LVIV, UKRAINE ― The Violin Channel recently caught up with 26 year old Korean-American violinist Elly Suh – who last week was awarded 1st prize at the 2016 Oleh Krysa International Violin Competition, in Lviv, Ukraine.
In a VC-exclusive blog, Elly talks us through her experience at this year’s competition – and how her expectations and processes have evolved throughout her career.
“Last week I received the great honor of being chosen as the first prize winner of the Oleh Krysa International Violin Competition in Lviv, Ukraine. My immediate reaction was to feel deeply grateful and a little surprised because I was not expecting to win. My experience playing in competitions has changed the way that I view the results. I have participated in many international competitions over the years, and at the first few, I thought a lot about things out of my control, like the jury and the other participants. On stage I felt very aware of being judged and compared, which made me feel extremely nervous and unnatural. And of course, I wanted to win.

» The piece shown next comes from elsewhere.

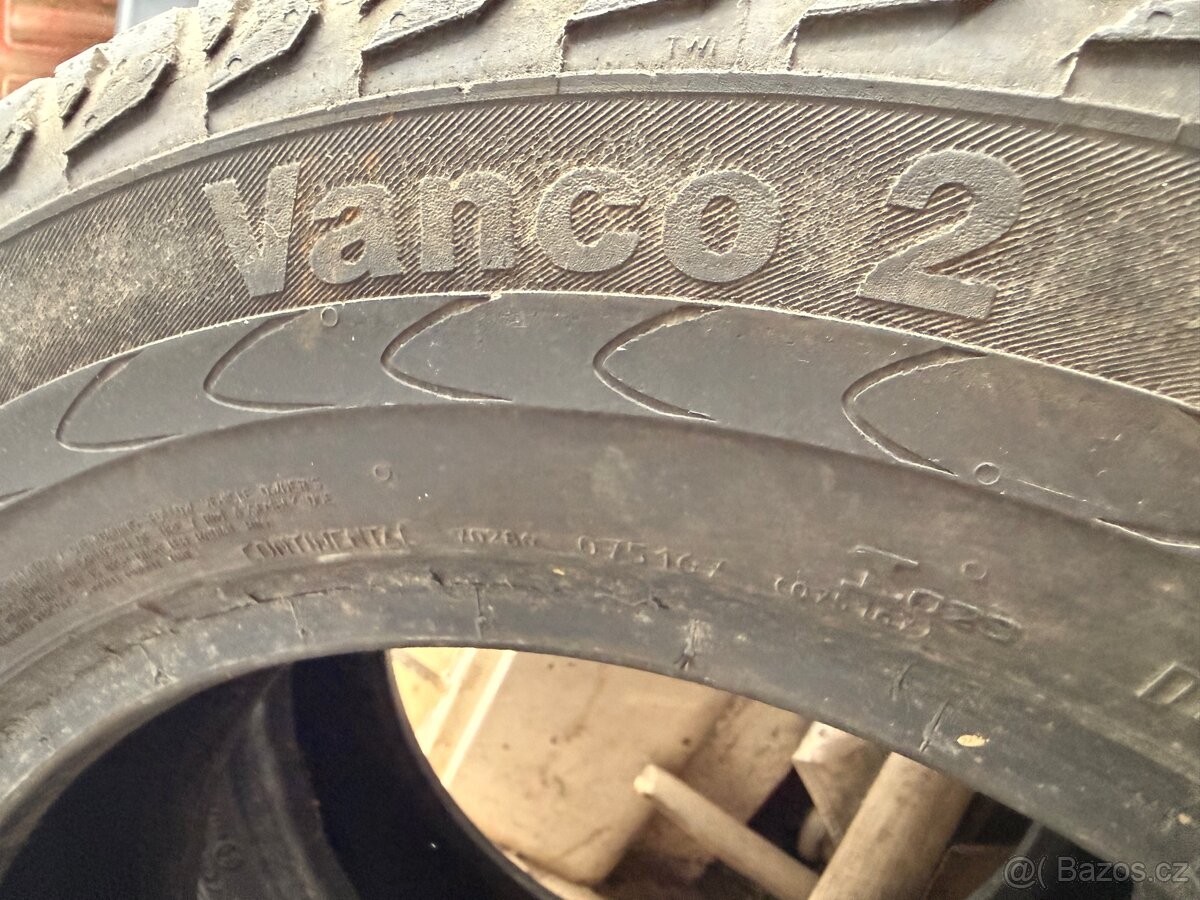 Continental Vanco 2 195/70 R15 C, letní - 2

After several competitions, I began to realize that results were completely out of my control and based on the opinions of a few people. What I could control, however, is how I prepared and whether I chose to learn from each experience, whether positive or negative. This mindset helped me find peace with myself in any outcome, because I knew that I had prepared with my all and that I would grow and evolve because of what I learned from that competition. Once I stopped allowing the pressure to win to affect me, I found that I could only be thankful if the jury decides to award me any prize at all, and not take it too personally if it doesn’t.
With each competition, I slowly started to enjoy the whole preparation process and the progress I saw in myself. Of course, I could not have made all of this progress on my own. I have been very fortunate to study with many great teachers who have inspired, supported, and helped me in so many ways. I am especially grateful to my current teacher Professor Pierre Amoyal who has been immeasurably helpful in every aspect of my development, always encouraging his students to conceive our own personal interpretations through thoughtful research and creative imagination.
From the first day of preparation until the last day of the competition, I have come to appreciate it as a special time for me to immerse myself in the long list of required repertoire and live with these pieces and composers for a few weeks or months. For that period of time (which never feels long enough), I focus in a different way, pushing myself every day to be better than my current best. Now I can be a little more relaxed and try to enjoy myself at competitions because I don’t care about being better than anyone or about impressing the jury, but try to forget that I am at a competition and just feel glad to get to share the music and the culmination of all my hard work with everyone listening.
Last week in Lviv I felt very privileged to share so much great music with the wonderful, attentive audience there, and receiving the first prize was a special honor. I am incredibly grateful for the opportunities the Oleh Krysa Competition has given me and look forward to what the future will bring.